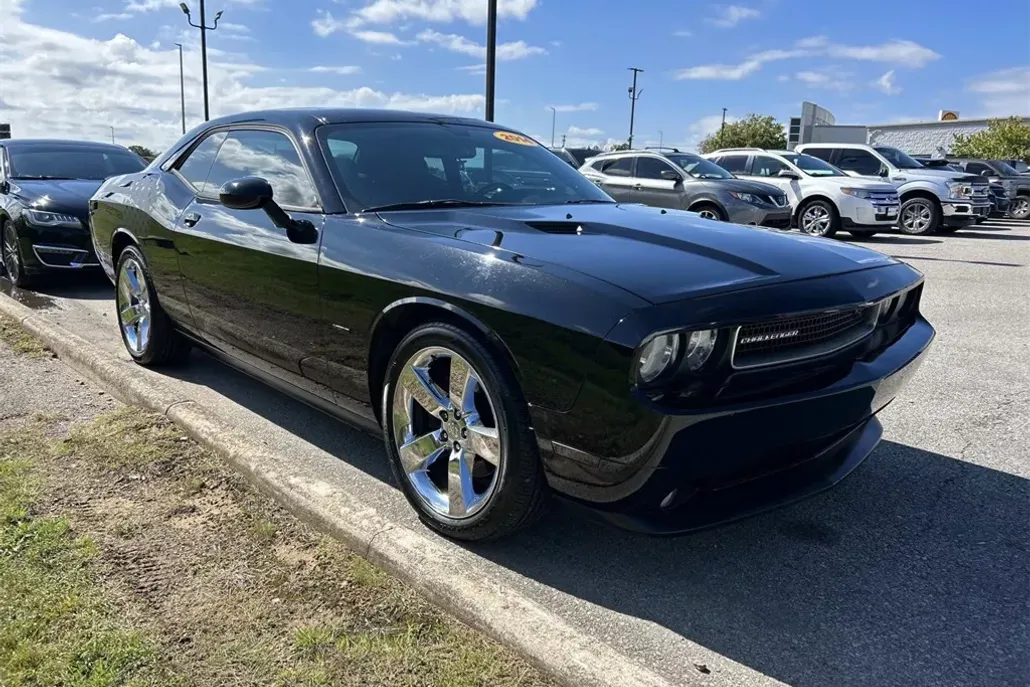 2014 Dodge Challenger R/T photo 1
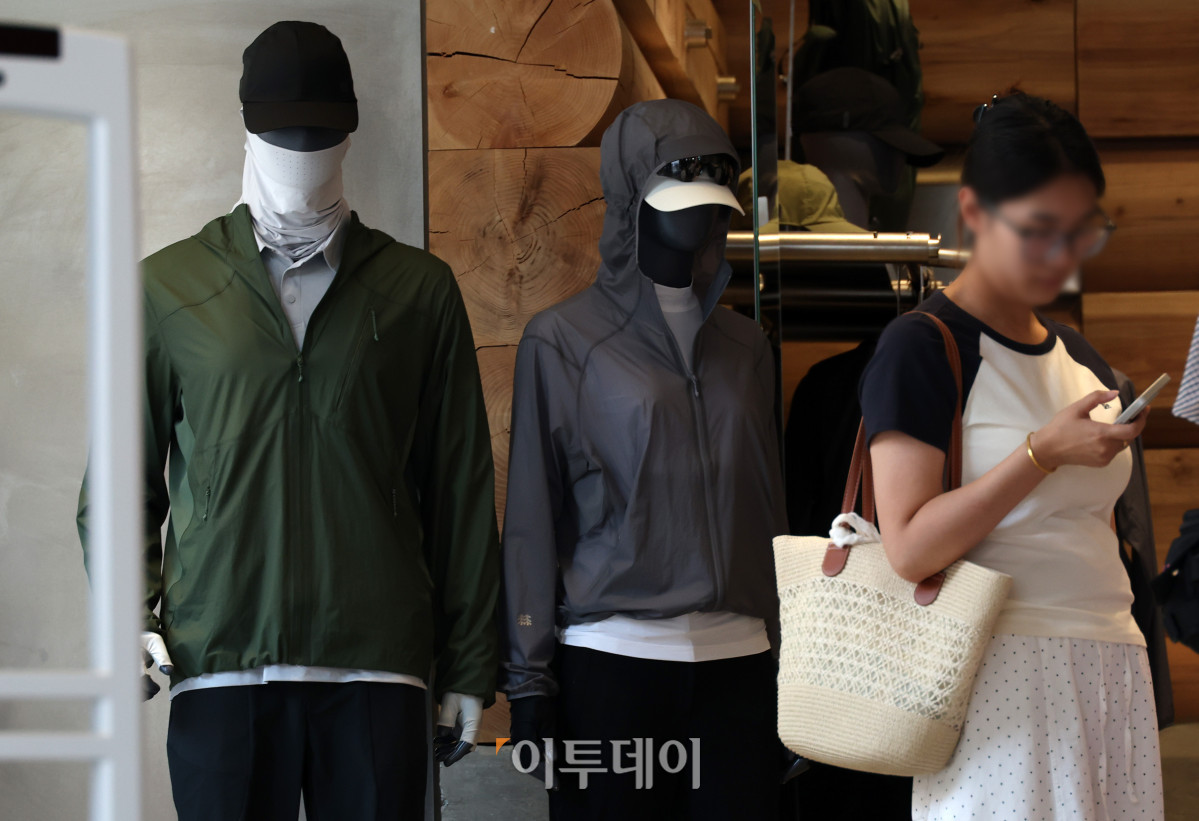 ▲나흘 만에 서울에 폭염주의보가 발효된 18일 서울 중구 명동거리의 한 매장에 가을 옷이 진열돼 있다. 기상청에 따르면 이번 주 내내 서울의 낮 최고기온이 33도 안팎까지 오르는 등 폭염주의보 수준의 무더위가 이어질 전망이다. 고이란 기자 photoeran@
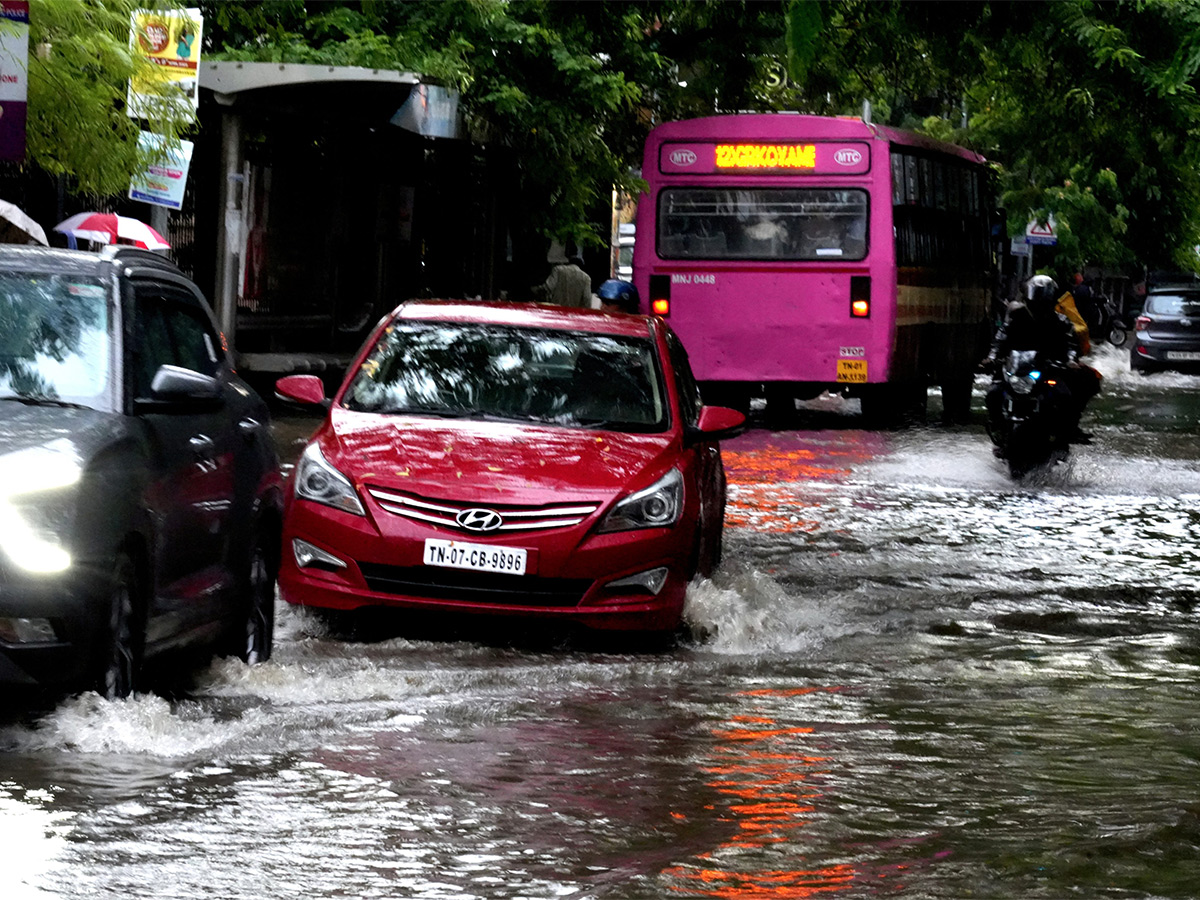 Tamil-Nadu-rains-Heavy-rains-lash-Chennai-its-suburbs-Photos-12.jpg 12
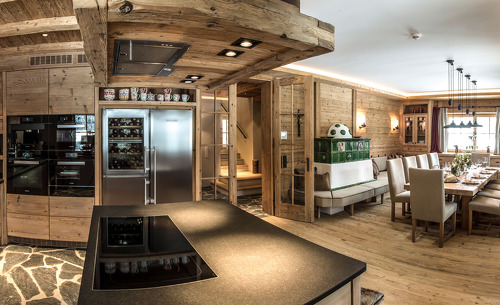 In der luxuriösen Küche finden Sie alles was Sie benötigen für Ihren Genussurlaub in Saalbach Hinterglemm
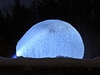 Vesmírný objekt? Nikoliv, jde o unikátní ledové iglú od architekt z ateliéru Mjölk.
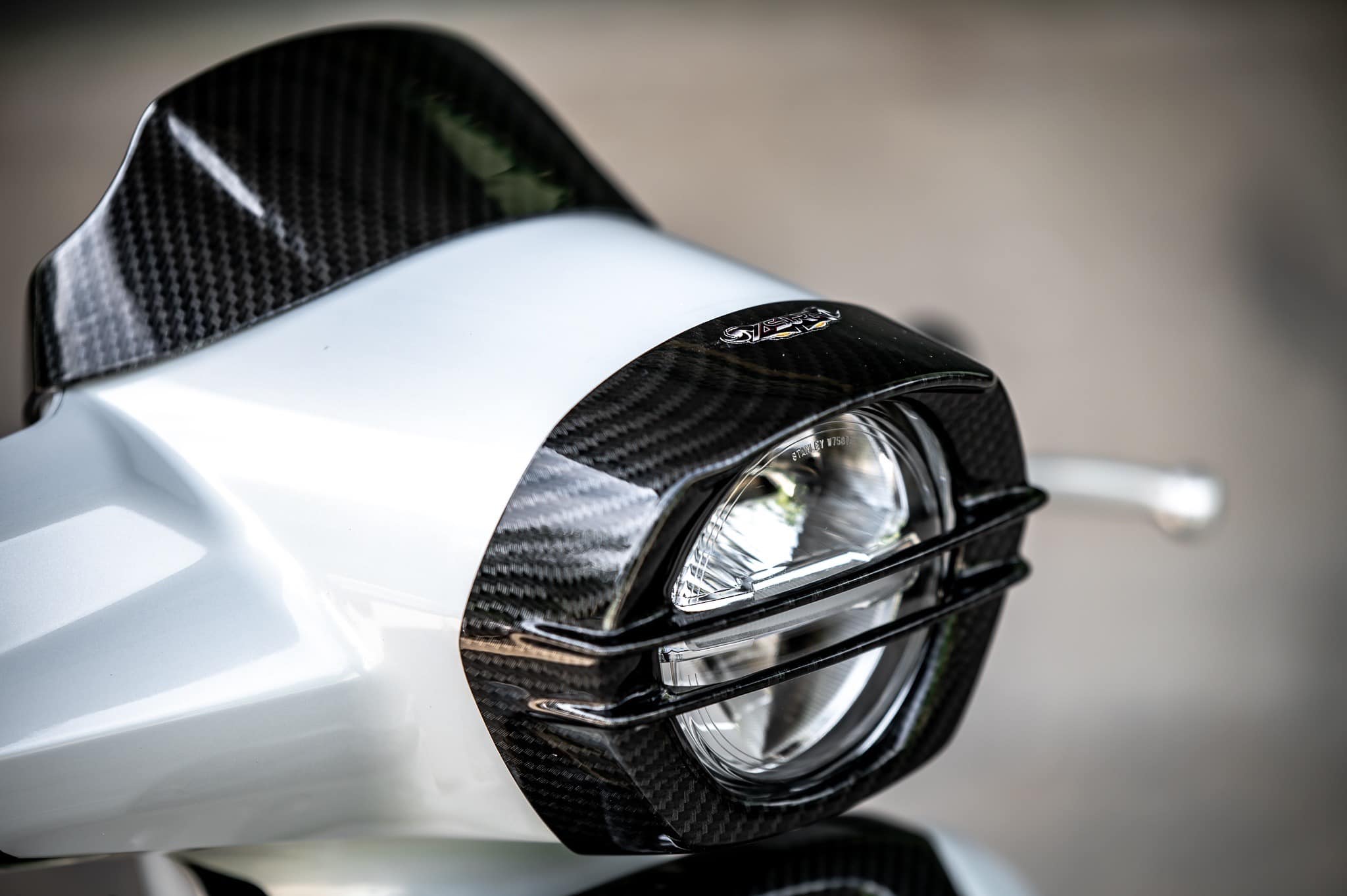 ฝาครอบไฟหน้ากระจัง2ซี่ ASURA Giorno+ สีดำเงา ราคา 1200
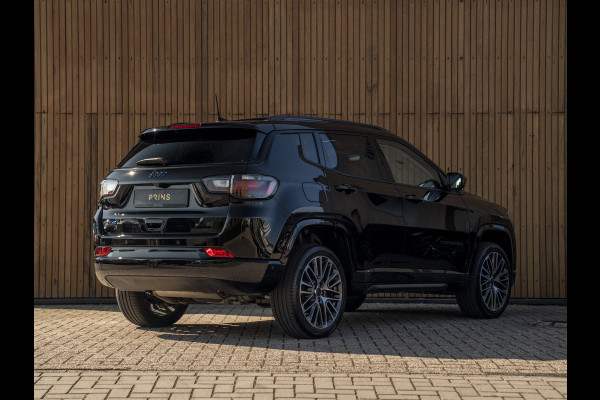 Jeep Compass 4xe 240pk Phev Summit | Pano-dak | Leder | Stoelverwarming | carplay | 19 inch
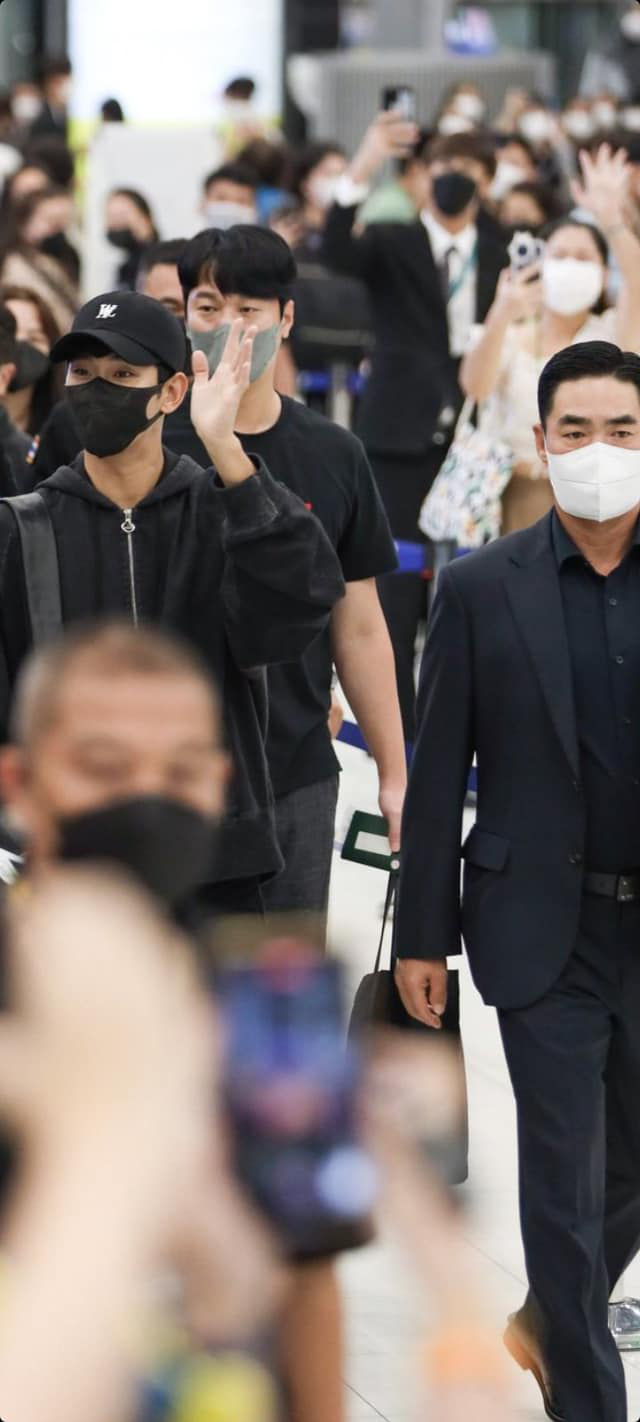 kim soo hyun bodyguard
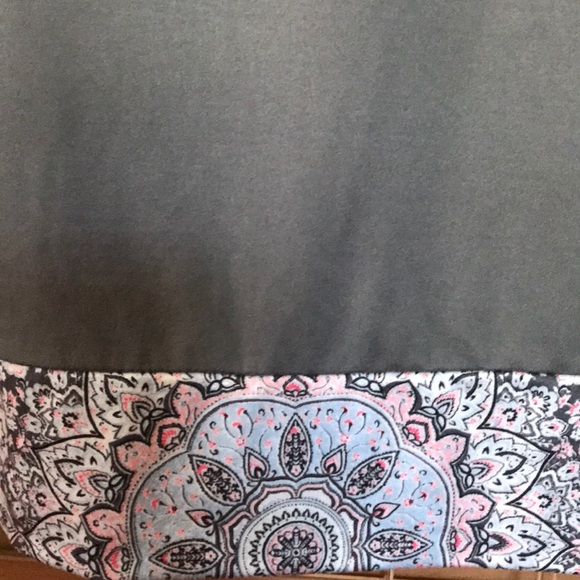 🟠🟠Ink & Ivy Top🟠🟠 - Picture 3 of 4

■ ■ ■

What is required –
No pictures belong in the copy; output every record exactly.

Exercise answer –
 2014 Dodge Challenger R/T photo 1
 ▲나흘 만에 서울에 폭염주의보가 발효된 18일 서울 중구 명동거리의 한 매장에 가을 옷이 진열돼 있다. 기상청에 따르면 이번 주 내내 서울의 낮 최고기온이 33도 안팎까지 오르는 등 폭염주의보 수준의 무더위가 이어질 전망이다. 고이란 기자 photoeran@
 Tamil-Nadu-rains-Heavy-rains-lash-Chennai-its-suburbs-Photos-12.jpg 12
 In der luxuriösen Küche finden Sie alles was Sie benötigen für Ihren Genussurlaub in Saalbach Hinterglemm
 Vesmírný objekt? Nikoliv, jde o unikátní ledové iglú od architekt z ateliéru Mjölk.
 ฝาครอบไฟหน้ากระจัง2ซี่ ASURA Giorno+ สีดำเงา ราคา 1200
 Jeep Compass 4xe 240pk Phev Summit | Pano-dak | Leder | Stoelverwarming | carplay | 19 inch
 kim soo hyun bodyguard
 🟠🟠Ink & Ivy Top🟠🟠 - Picture 3 of 4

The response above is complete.